POLYA003:  Integers of the form a/(bc) + b/(ca) + c/(ab) (proposed by Jean-Pierre Ehrmann, 11/7/01).

For which positive integers  n  can we find three positive integers a,b,c such that n = a/(bc) + b/(ca) + c/(ab) ?

Discussion. [SCL, 11/11/01]: Assume that a\le b\le c and that a<c. Write a/bc+b/ac+c/ab=n as
a^2+b^2+c^2=abcn (1)
and consider (1) as a quadratic equation in c. There is a second solution, d=abn-c, such that a^2+b^2+d^2=abdn. Now, looking at the quadratic formula applied to (1), the roots are (abn\pm \sqrt{D})/2, where D=(abn)^2-4(a^2+b^2). Since (1) has at least one real root (c was given), we have a^2+b^2 \le abn/2, and
c^2=abcn-(a^2+b^2) \ge abcn-anb/2 \ge abcn-abcn/2=abcn/2. (2)
Hence, c\ge abn/2. Note that equality in (2) only holds if c=1, and this corresponds to a=b=c=1, n=3. Thus, we may assume that c>abn/2 and then d=abn-c<c.
Thus, we have a proof, by descent (on a+b+c), that all solutions lead to solutions with a=b=c. The only two solutions with a=b=c are a=b=c=1, n=3, and a=b=c=3 and n=1. This follows from 3a^2=a^3n, thus 3=an, and a=1 a=3.

[JPE, 11/13/01]:  Stephen gave us a nice proof of the fact that n = 1 or 3. Now, taking n = 3, your descent method leads to the values of a,b,c. If we suppose a<=b<=c and a^2+b^2+c^2 = 3 abc, then necessarily a =1,2 : (there must be a solution with b = c) .
For a = 1, b and c are two consecutive terms of the sequence u_0=u_1=1; u_(n+1)=3 u_n - u_(n-1).
For a = 2, b and c are two consecutive terms of the sequence u_0=u_1=1; u_(n+1)=6 u_n - u_(n-1)
If we look for the values of a,b,c if n = 1, we get 3*A,3*B,3*C where A,B,C is any solution corresponding to n = 3.
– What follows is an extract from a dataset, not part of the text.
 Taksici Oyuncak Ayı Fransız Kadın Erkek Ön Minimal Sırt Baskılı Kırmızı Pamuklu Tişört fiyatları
[FvL, 11/14/01]: I am not quite satisfied with the solution Stephen gave. I miss the solution with a=b=1, c=2, but I don't see immediately any flaw. So let me drop what I had in mind: We have the equation a^2 + b^2 + c^2 - nabc = 0. We can start with the assumption that a,b,c be coprime. If gcd(a,b)>1 then
also gcd(a,c)=gcd(a,b). But if pa, pb, pc give a solution for some n, then a,b,c give a solution for pn. So we assume a,b,c coprime. Suppose that a,b,c>1. Then
x^2 - (bcn)x + b^2 + c^2 = 0 has roots x=a and x=(b^2+c^2)/a. Inserting the second root gives   (a+1)(b^2 + c^2) = na^2bc. This shows that bc|a+1. Similarly ac|b+1 and ab|c+1. But then from

a+1   b+1   c+1
--- + --- + --- = m
bc    ac    ab

together with the equation in question, we conclude that  1/bc + 1/ac + 1/ab = m - n is an integer. That is clearly not possible for a,b,c coprime and unequal to
1. Allowing one of a,b,c equal to one, say c=1, we get in a similar fashion  x^2 - bnx + b^2 + 1 = 0 has roots x=a and x=(b^2+1)/1. Inserting the latter gives
(a+1)(b^2+1)=na^2b and b|a+1. Idem a|b+1. So (a,b)=(2,3) or (3,2). That does not yield a solution of the original equation. Hence we should have two 1's. Now it is easy to see that the only coprime solutions are:   a=b=c=1 ---> N=3;   a=b=1 c=2 ---> N=3. If we drop the coprime requirement, we get the real divisors of earlier found N=3, thus N=1.   a=b=c=3 ---> N=1;  a=b=3, c=6 ---> N=1.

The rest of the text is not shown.